The constitution had been promulgated on 5 February 1857 was to come into force on 16 September 1857. Predictably there was fierce opposition from Conservatives and the Catholic Church over its anti-clerical provisions, but there were also moderate liberals, including President Ignacio Comonfort, who considered the constitution too radical and likely to trigger a civil war. The Lerdo Law forced the sale of most of the Church's rural properties. The measure was not exclusively aimed at the Catholic Church, but also Mexico's indigenous peoples, which were forced to sell sizeable portions of their communal lands. Controversy was further inflamed when the Catholic Church decreed the excommunication of civil servants who took a government-mandated oath upholding the new constitution, which left Catholic civil servants with the choice of losing their jobs or being excommunicated.
General Félix Zuloaga led army troops to the capital and closed congress and issued the Plan of Tacubaya on 17 December 1857. The constitution was nullified, President Comonfort was initially signed onto the plan and was retained in the presidency and given emergency powers. Some liberal politicians were arrested, including the president of the Supreme Court of Justice, Benito Juárez. Comonfort, hoping to establish a more moderate government, found himself triggering a civil war and began to back away from Zuloaga. On 11 January 1858, Comonfort resigned and went into exile. He was constitutionally succeeded by Juárez as president of the Supreme Court. The nation's states subsequently chose to side with either the Mexico City-based government of Zuloaga or that of Juárez, which established itself at the strategic port of Veracruz. Initial choices for one side or the other often shifted over time. The first year of the war was marked by repeated conservative victories, but the liberals remained entrenched in the nation's coastal regions, including their capital at the port of Veracruz, which gave them access to vital customs revenue that could fund their forces.
Both governments attained international recognition, the liberals by the United States and the conservatives by France, the United Kingdom, and Spain. The liberals negotiated the McLane–Ocampo Treaty with the United States in 1859. If ratified the treaty would have given the liberal regime cash, but it would have also granted the United States perpetual military and economic rights on Mexican territory. The treaty failed to pass in the U.S. Senate, but the U.S. Navy still helped protect Juárez's government in Veracruz.
Liberals accumulated victories on the battlefield until conservative forces surrendered on 22 December 1860. Juárez returned to Mexico City on 11 January 1861 and held presidential elections in March.
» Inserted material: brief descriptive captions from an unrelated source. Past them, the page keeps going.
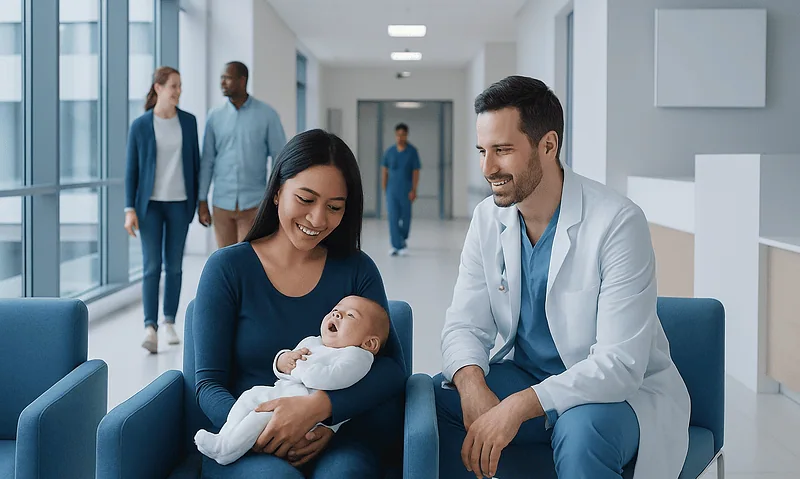 Happy mother and doctor with baby in hospital waiting area.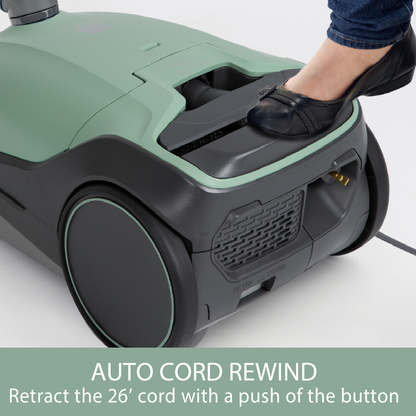 Green and gray canister vacuum cleaner with auto cord rewind feature on a white background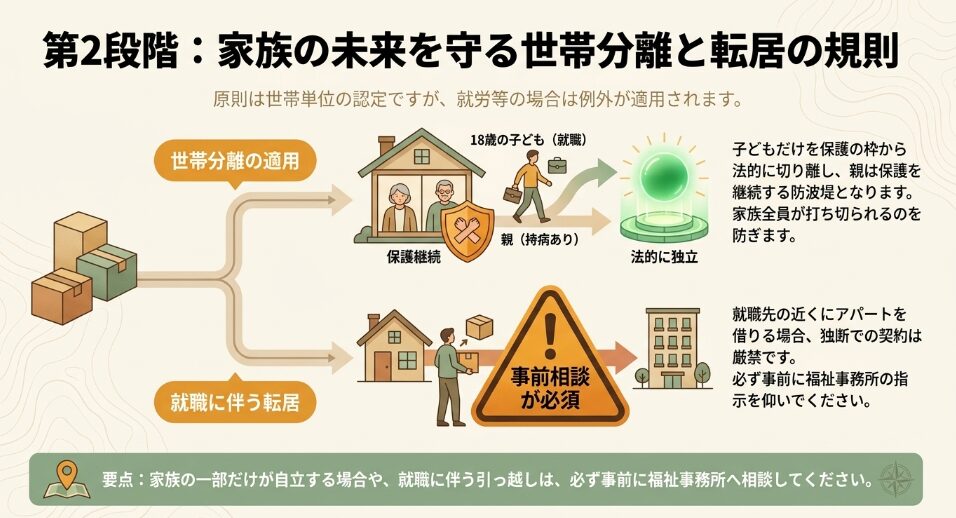 ケースワーカーが監視役ではなく、同じ方向を向いて将来への投資を支える伴走者（味方）であることを示したイメージ図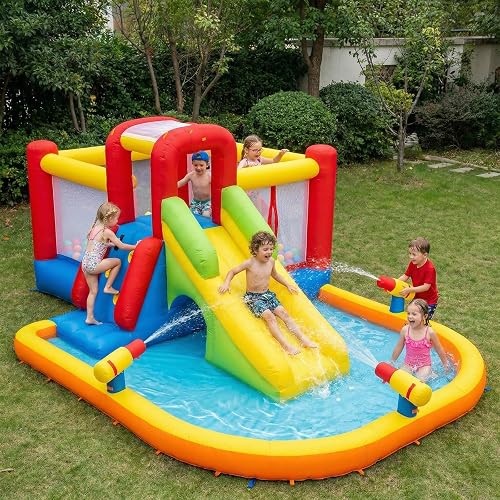 Ballsea Castillo hinchable con soplador, material premium, certificado de seguridad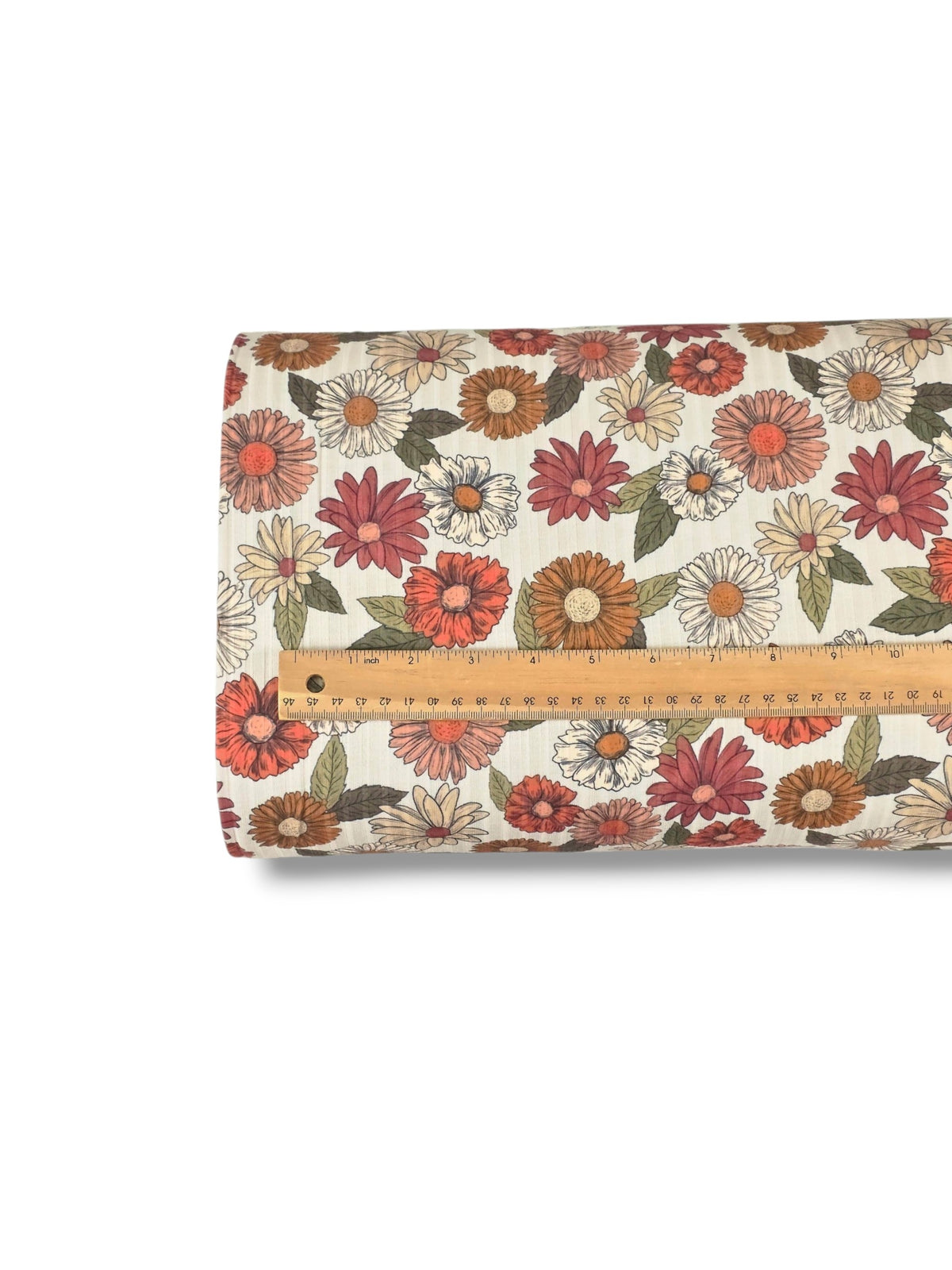 * Unique Design * Ribbed Knit Cotton Feel Blossom Patch Tan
Although the conservative forces lost the war, guerrillas remained active in the countryside and later joined the upcoming French intervention to help establish the Second Mexican Empire.
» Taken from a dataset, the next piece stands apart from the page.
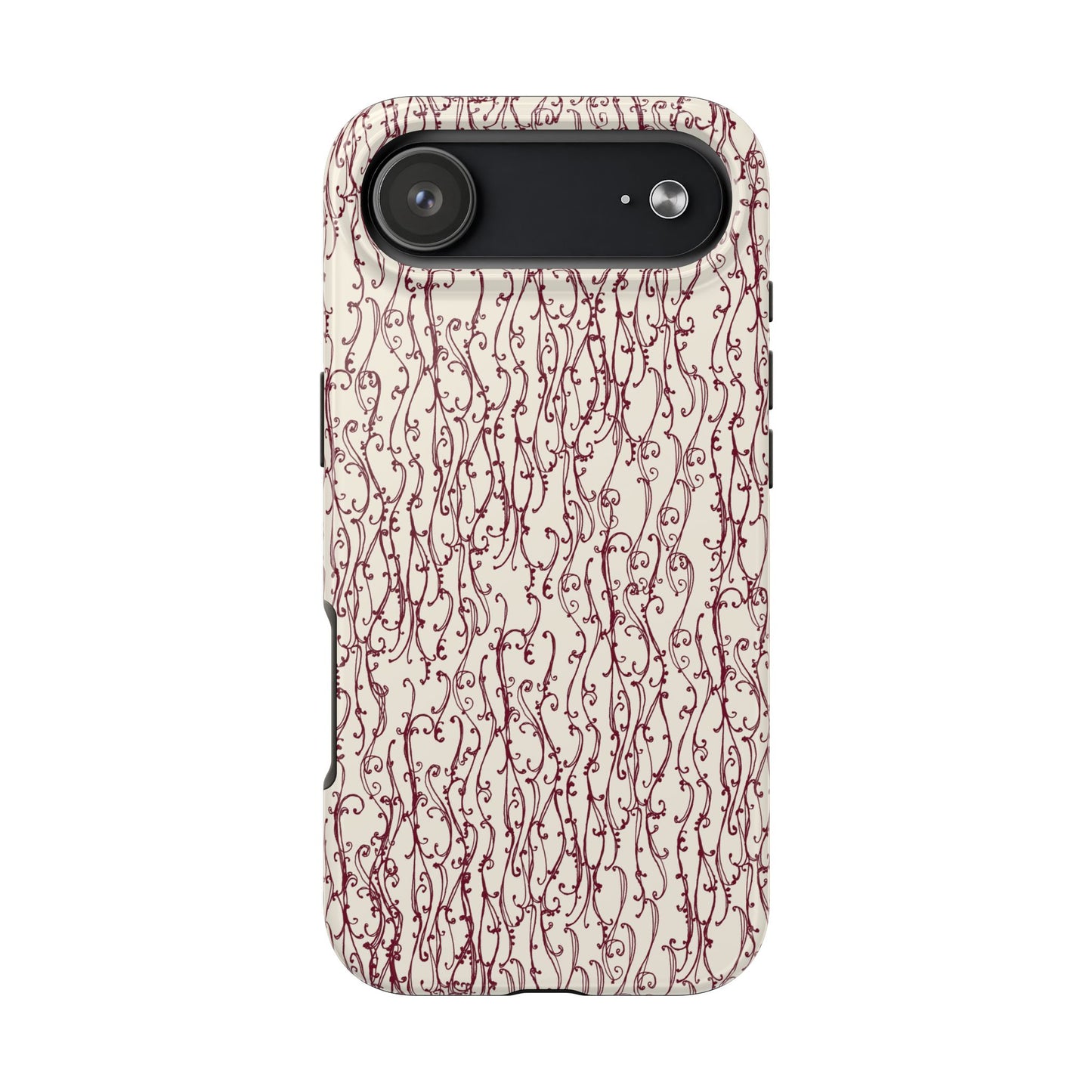 Swan Scroll Ivory / Red Phone Case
After achieving independence in 1821, Mexico was alternatively governed by both liberal and conservative coalitions. The original Constitution of 1824 established the federalist system championed by the liberals, with the states holding sovereign power and the central government being weak. The brief liberal administration of Valentín Gómez Farías attempted to implement anti-clerical measures as early as 1833. The government closed church schools, assumed the right to make clerical appointments to the Catholic Church, and shut down monasteries. The ensuing backlash would result in Gómez Farías's government being overthrown and conservatives established a Centralist Republic in 1835 that lasted until the outbreak of the Mexican–American War in 1846.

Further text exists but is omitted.